Quando o cristianismo espalhou-se pela bacia do Mediterrâneo no fim da antiguidade, ele não unificou o mundo antigo nem o tornou moralmente mais puro; ele se dividiu em vários ritos, seitas e heresias que se enfrentavam. A política do poder continuou muito parecida com o que era antes. Alguma coisa parecida poderá ocorrer com a propagação da democracia.

O sistema em evolução de cada país árabe criará um cenário familiar: os EUA tinham uma relação relativamente tranquila com o México quando este era uma ditadura de partido único. Mas à medida que o México evoluiu para uma democracia multipartidária, as relações se tornaram mais difíceis e mais complexas.

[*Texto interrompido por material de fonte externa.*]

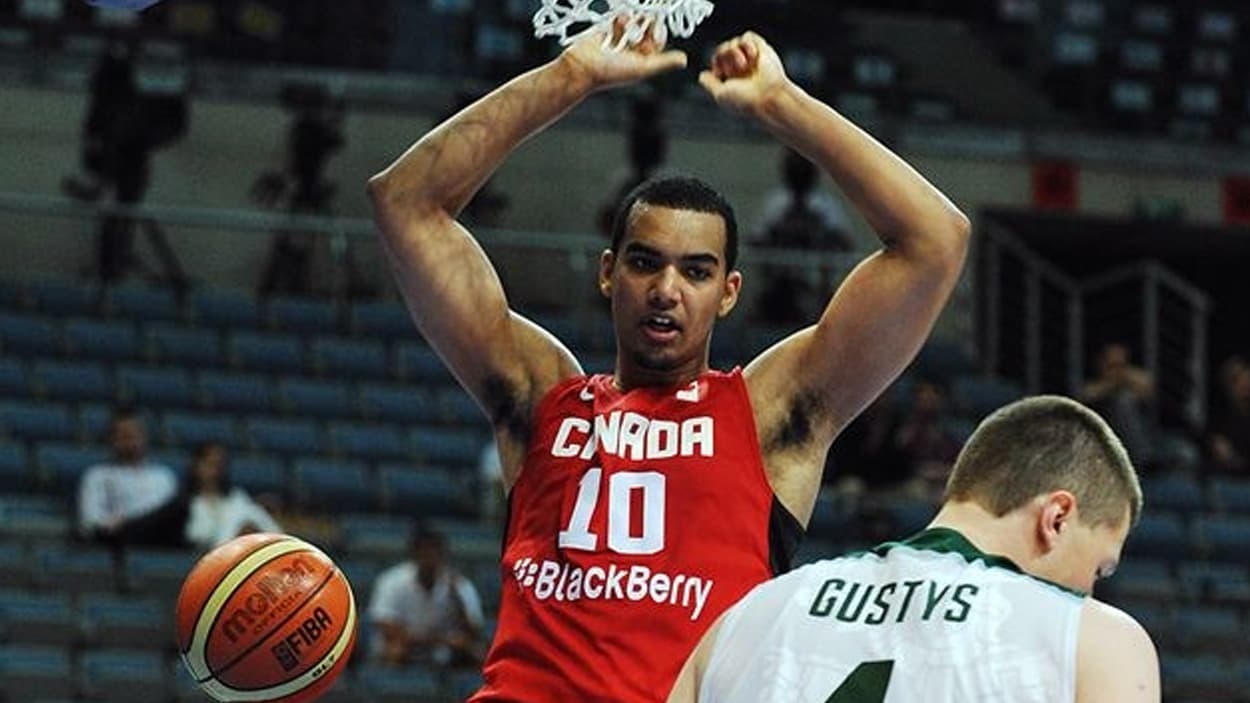 Trey Lyles avec le Canada U19 en 2013 Trey Lyles avec le Canada en 2013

Já não havia um homem ou um número telefônico para discar quando surgia uma crise. Washington precisou fazer lobby simultaneamente com uma série de personalidades mexicanas. Uma era de complexidade parecida está para surgir no mundo árabe - e não se tratará apenas de conseguir que as coisas sejam feitas, mas também de saber quem está realmente no comando.

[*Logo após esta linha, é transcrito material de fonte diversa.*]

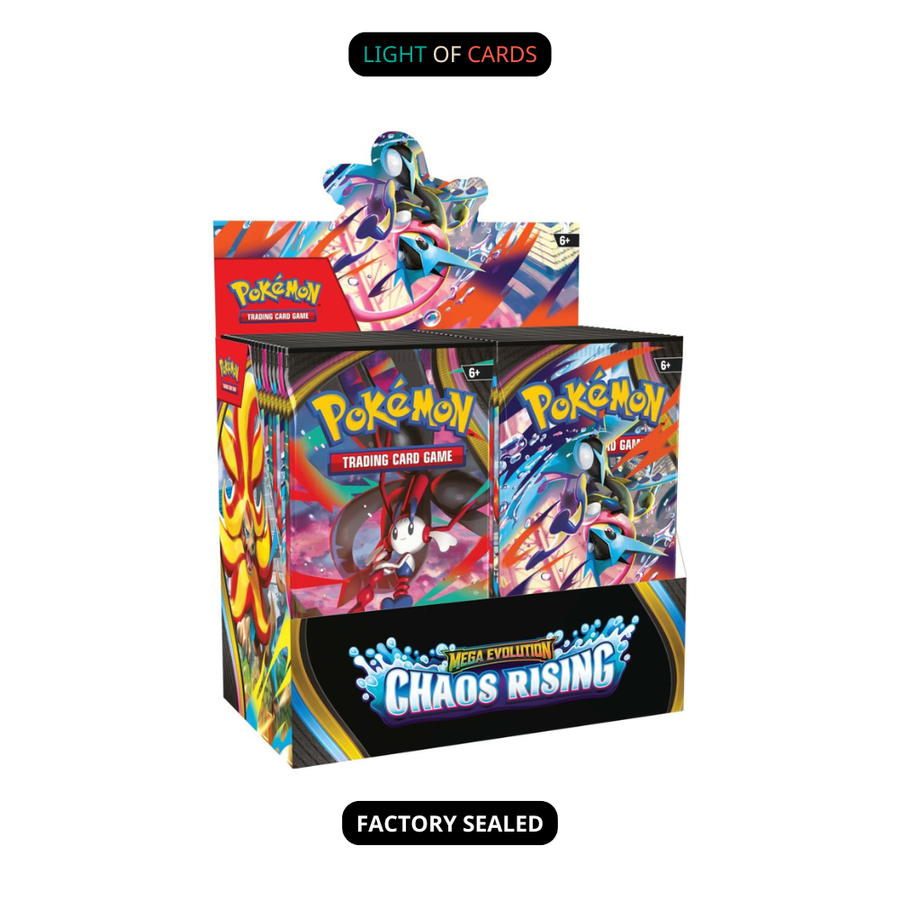 [Sealed] Pokémon TCG - Mega Evolution - Chaos Rising Booster Box
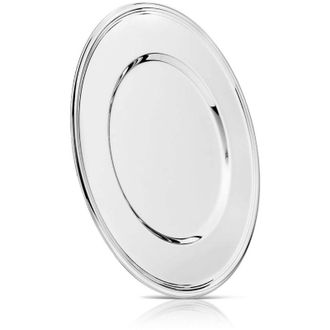 Bredemeijer Bredemeijer - Zilverstad Sottopiatto con Bordino, Ferro, Argento, 330x330x12mm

As sublevações no Oriente Médio terão um efeito mais profundo na Europa do que nos EUA.

Assim como a Europa deslocou-se para o leste para englobar os antigos Estados satélites da União Soviética em 1989, ela agora se expandirá para o sul. Durante décadas, o Norte da África foi efetivamente isolado da borda setentrional do Mediterrâneo por causa dos regimes autocráticos que sufocavam o desenvolvimento econômico e social enquanto promoviam políticas extremistas.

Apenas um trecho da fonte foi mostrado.